November 22nd
L is dead.
Light saw him die, saw the light seep out of his eyes, felt him go so limp in his arms. He'd checked his pulse. He'd felt that pulse disappear. Light was holding him when he died, and he definitely died. He was confirmed dead seventeen days ago, and he's been buried. He's not coming back. Six feet deep where Light can never reach him. He'll join him there one day, or maybe he'll just dig up the body and keep it for his personal amusement. What could be more humiliating than having your skeleton used as a prop? It would be pointless because L wouldn't be alive to feel humiliated, but it's the principle that counts.

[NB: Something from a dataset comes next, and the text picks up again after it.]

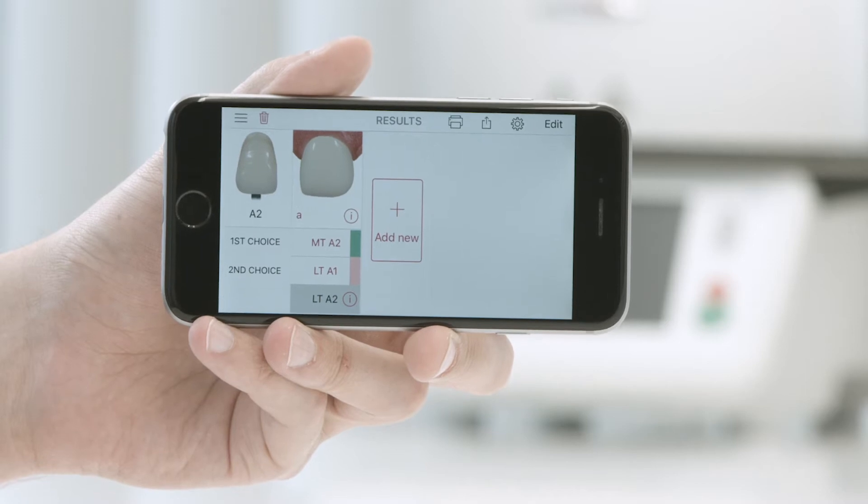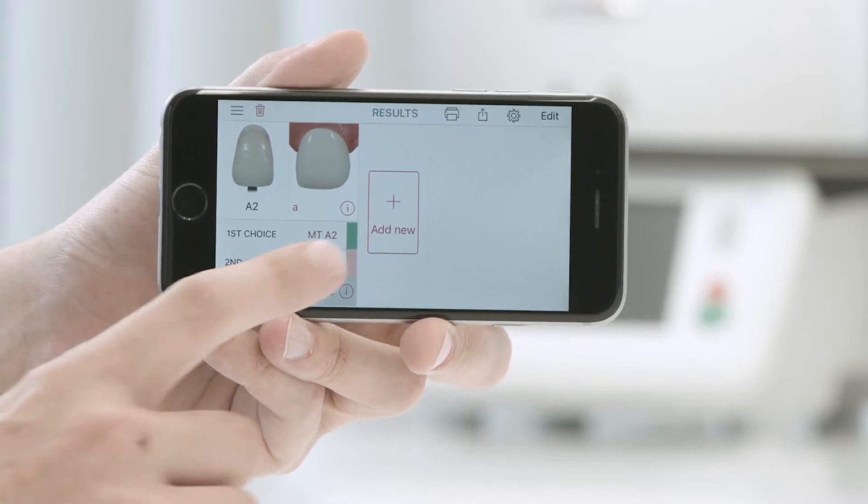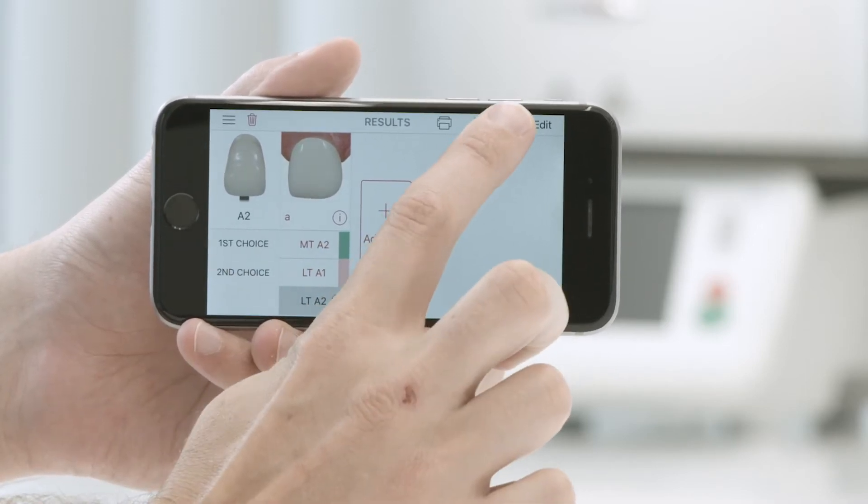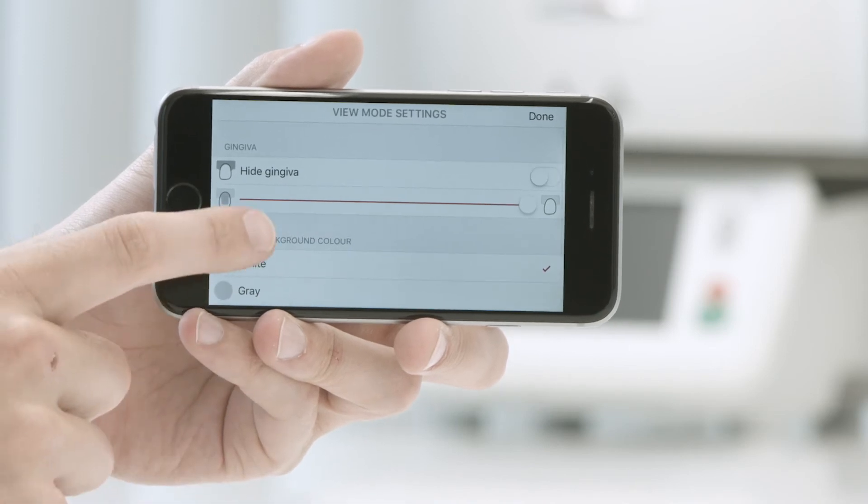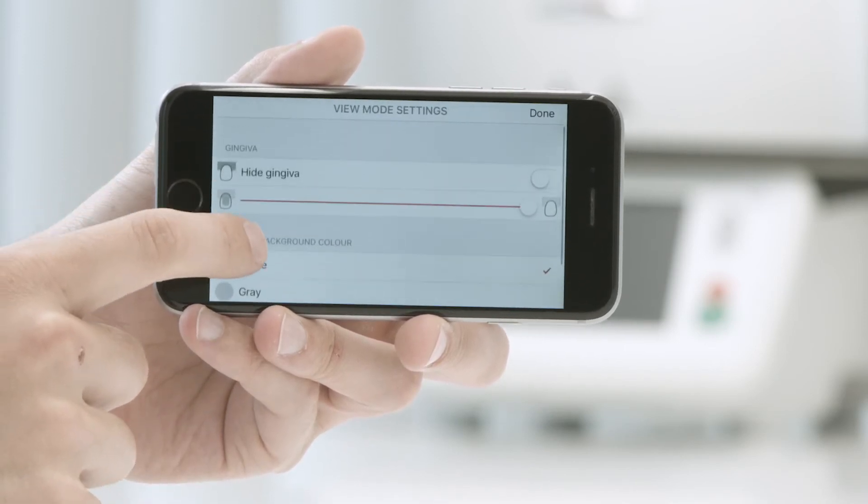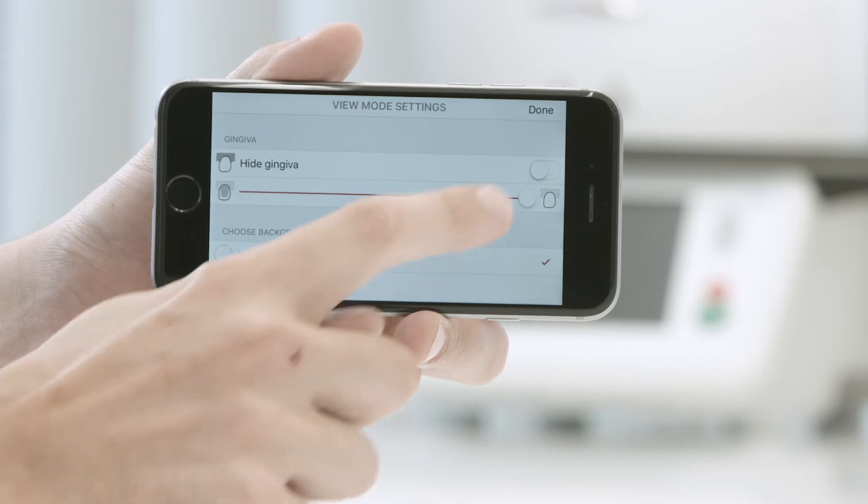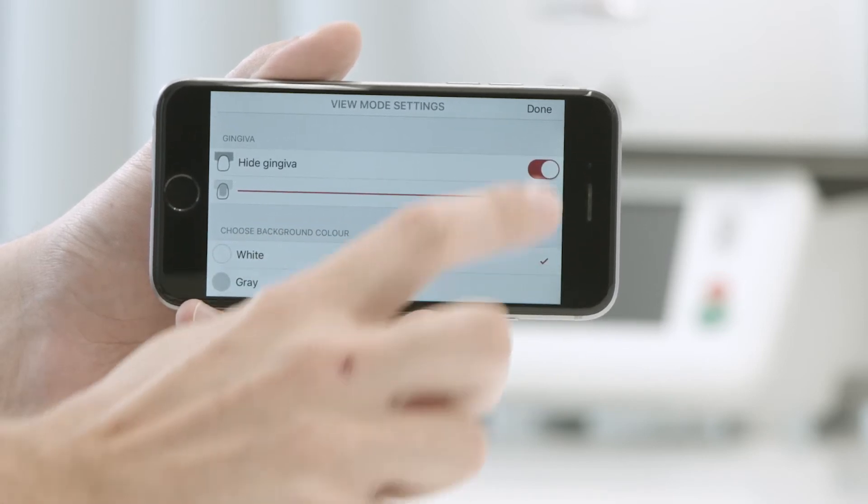Under the menu item View mode settings, you can make various display adjustments in the result window. For instance, to show and hide the gingiva, select the gingiva button next to the gingiva icon.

L is dead, definitely dead, so dead it hurts - which is why Light doesn't expect to see a silhouette at the top of the old Task Force headquarters.
The rain is coming down with thick sheets and blurring his vision to the point that even the headlights on cars are distorted, and the colours are simply scattered into the wind. Logically, it should be far too dark for him to see anyone up there, and the angle isn't right either, and nobody would be up there at this time of night, surely? But when he looks again, the figure's still there, leaning over the railings.
His family's expecting him home soon for dinner. He'd told them he was just taking a walk to clear his mind. They had just looked at him with a strange kind of pity in their eyes. They've been doing that a lot these days, but a god doesn't need pity. A god doesn't need a family. A god doesn't need to have dinner.
There's nobody alive to stop him breaking in.
So he breaks in, and while he's picking the little bits of glass out of his hands, his feet are working on their own. There must have been some kind of burglar alarm while the investigation was being held here, but he assumes someone's turned it off in the last few days. Maybe the figure on the roof. It doesn't matter. He keeps walking.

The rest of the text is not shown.